Hotel Maison de Ville
In the famous French Quarter of New Orleans sits this luxurious hotel. A New Orleans landmark for over 200 years, Hotel Maison de Ville is rumored to be haunted by the spirits of slaves and soldiers who once inhabited its quarters. Guests report seeing wet footprints appear in the hallways and radios changing stations mysteriously. Hotel Maison de Ville is a favorite destination of amateur ghost hunters who have used recording technology to capture what they claim is a ghost’s voice. “I need to leave,” said the hotel’s resident ghost. But please — feel invited to stay!
Le Pavilion Hotel
Ghosts that haunt this turn-of-the-century hotel in downtown New Orleans are rumored to include a teenage girl from the 1920s, an aristocratic couple from the same era and a dapper, prank-playing gentleman ghost. The ghosts are as much of an attraction as the hotel’s marvelous crystal chandeliers and well-preserved French antiques. The Le Pavilion Hotel’s “castle suite” includes a marble tub that was given to wealthy Louisiana plantation owners as a gift — from none other than Napoleon Bonaparte. Paranormal investigators attest to the consistent supernatural events at Le Pavilion and note that the ghosts here are mostly friendly.
Dauphine Orleans Hotel
This New Orleans oasis features an extravagant palm-lined courtyard and ornate pools. Since 1775, the Dauphine Orleans has attracted artists, writers and politicians. The hotel’s bar was once a bordello frequented by Civil War soldiers and their “ladies of the evening.” The hotel’s Audubon cottage was where the famed naturalist James Audubon painted his classic “Birds of America” series. Ghostly tales tell of mysterious moans throughout the hotel, shaking beds and creaking floorboards. The hotel transmits an opulent, decadent vibe, attracting visitors for its architectural beauty, antique decor and legendary haunting.
Andrew Jackson Hotel
Another haunted French Quarter hotel, the Andrew Jackson features 18th-century decor and comfortable, homey rooms. Ghostly legends say that this hotel was originally an all-boys’ school that was destroyed in 1788 in the Great New Orleans Fire. Boys who perished in the blaze are said to haunt the hotel’s courtyard, their ghostly footsteps echoing deep into the night. Guests have also reported seeing a transparent visage of none other than the hotel’s namesake, Andrew Jackson.
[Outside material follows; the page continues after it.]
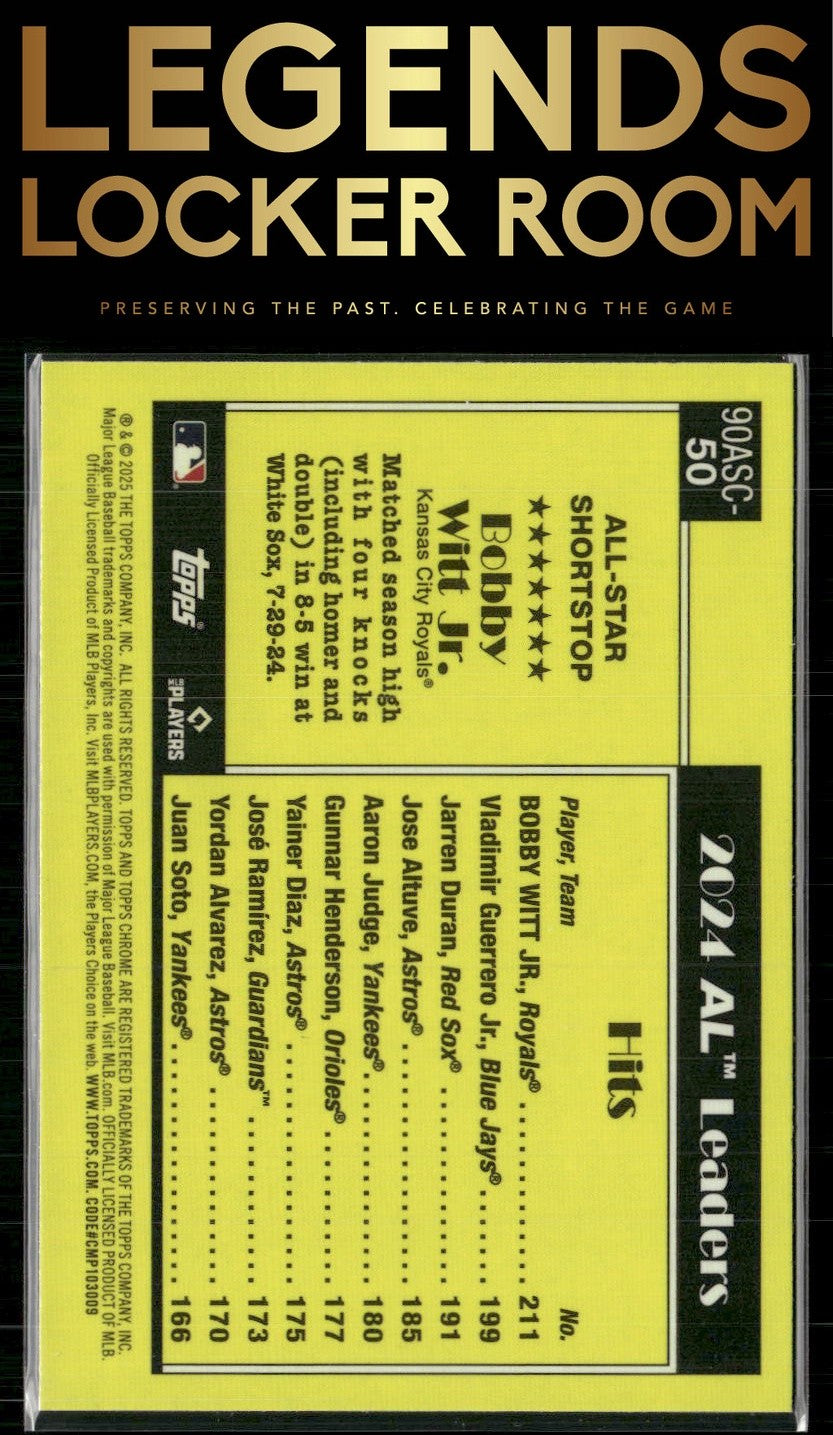 2025 Topps Bobby Witt Jr. 1990 Topps Baseball 35th Chrome All-Stars Mojo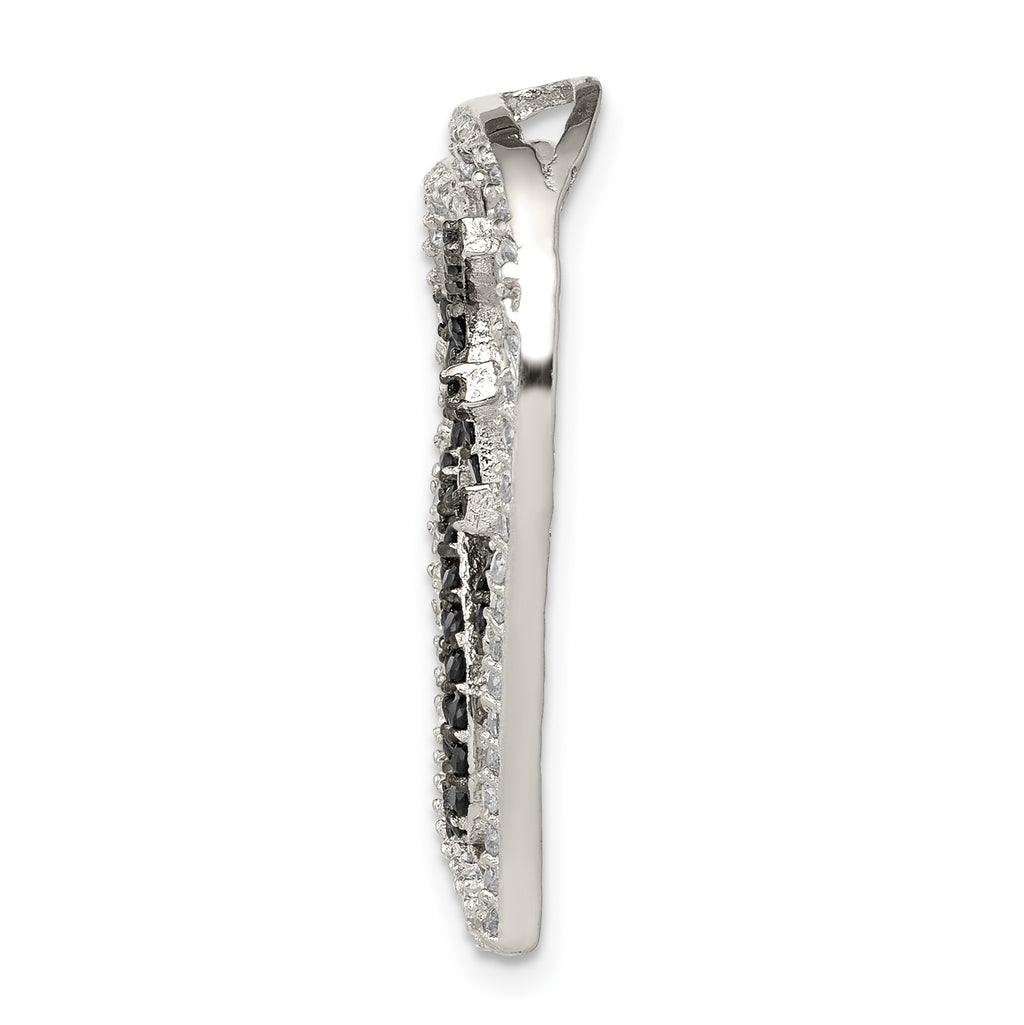 Sterling Silver Polished Black & White CZ Love in Heart Chain Slide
A host of ghosts are said to inhabit this grand hotel. Built in 1886, the Montelone has hosted countless movie stars, royalty and heads of state. The grandfather clock in its spectacular lobby is a famous haunted artifact, well known to supernatural investigators. Twelve specific ghosts have been consistently documented over the past century, including a man in a Mardi Gras–style feathered mask, a playful 10-year-old boy ghost and the spirit of a female jazz singer whose songs can be heard wafting through the halls at night.
The charm of old-world New Orleans is evident in the architecture of Hotel Provincial, a landmark of the French Quarter. Known as a wonderful place to take ghost photos, guests often report sightings of bloodied soldier ghosts in several of the hotel’s buildings. Supposedly parts of the hotel were once used as a military hospital. Other ghostly happenings include mysterious stains appearing and disappearing on curtains and sheets.
Le Richelieu Hotel
This hotel was designed to be casual, charming and elegant. While it may not have been designed originally for ghosts, they seem to have taken up residence in its cheerful halls. Le Richelieu, built in 1969, is a young hotel in comparison with the other famous haunts. However, the land that the Le Richelieu was built on was once an execution ground. In 1802, several Spanish soldiers were shot to death on its land. Their ghosts are said to order drinks at the bar occasionally.
Wherever you go in New Orleans, you’re bound to be immersed in history. Keep your eyes open and your cameras out — you never know when some supernatural spirits might come out to play. The many magnificent hotels of the Big Easy offer the added bonus of mystery for intrepid visitors.